%%
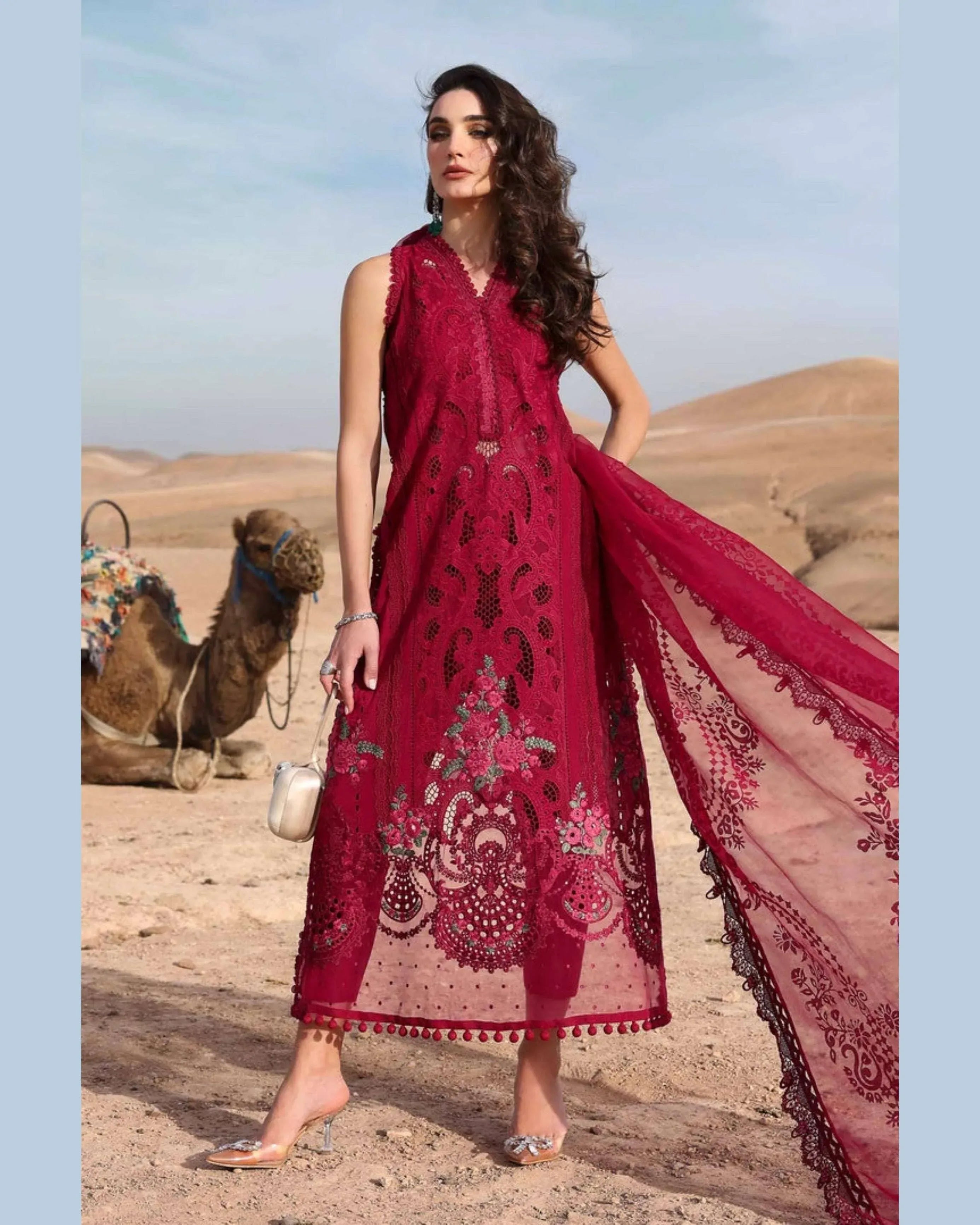 MARIA.B LAWN UNSTITCHED EMB 3PC - City Fabrics 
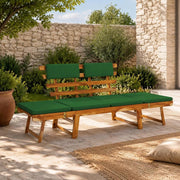 Garden Bench With Cushions 2-in-1 190 Cm Solid Acacia Wood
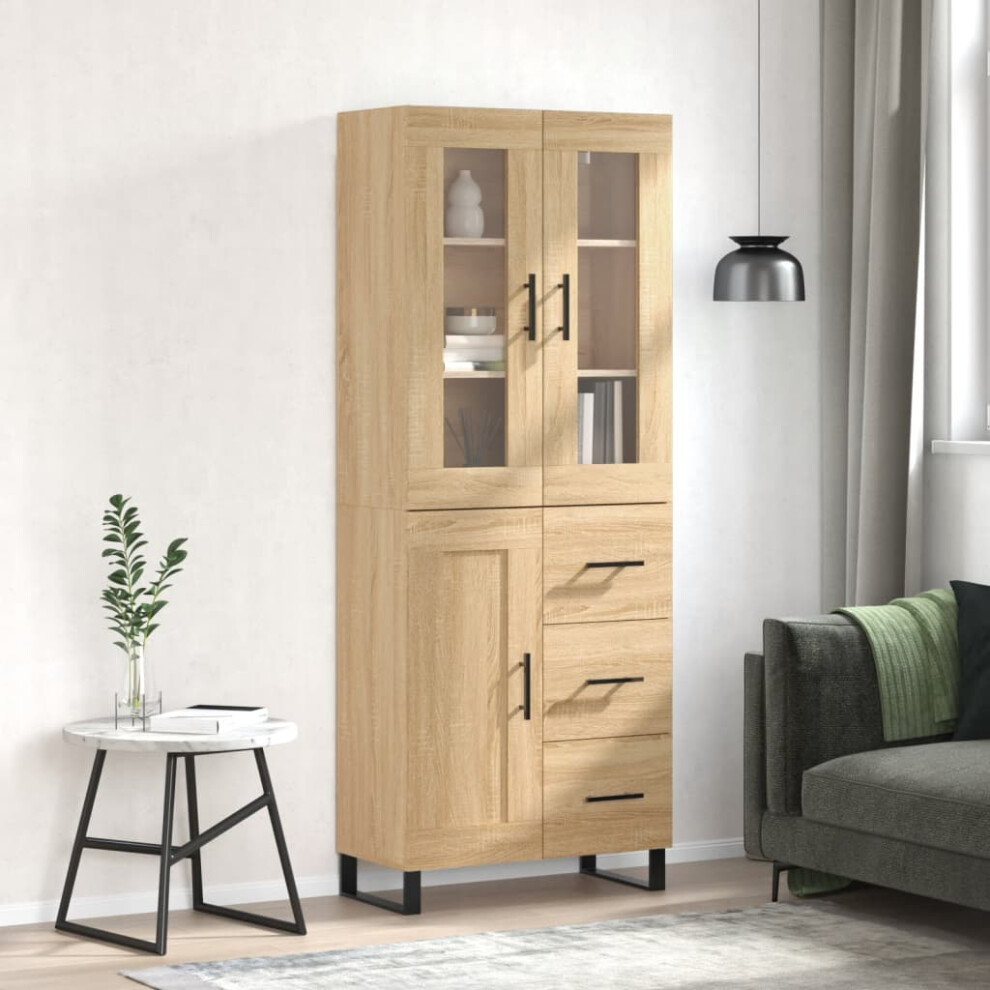 Vidaxl Highboard Sonoma Oak 69.5X34x180 Cm Engineered Wood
%%
- [Task details]
From the line containing "Garden Bench With" to the end of the listing, restate each line word for word and nothing more; the pictures stay out.

- [Your response]
 Garden Bench With Cushions 2-in-1 190 Cm Solid Acacia Wood
 Vidaxl Highboard Sonoma Oak 69.5X34x180 Cm Engineered Wood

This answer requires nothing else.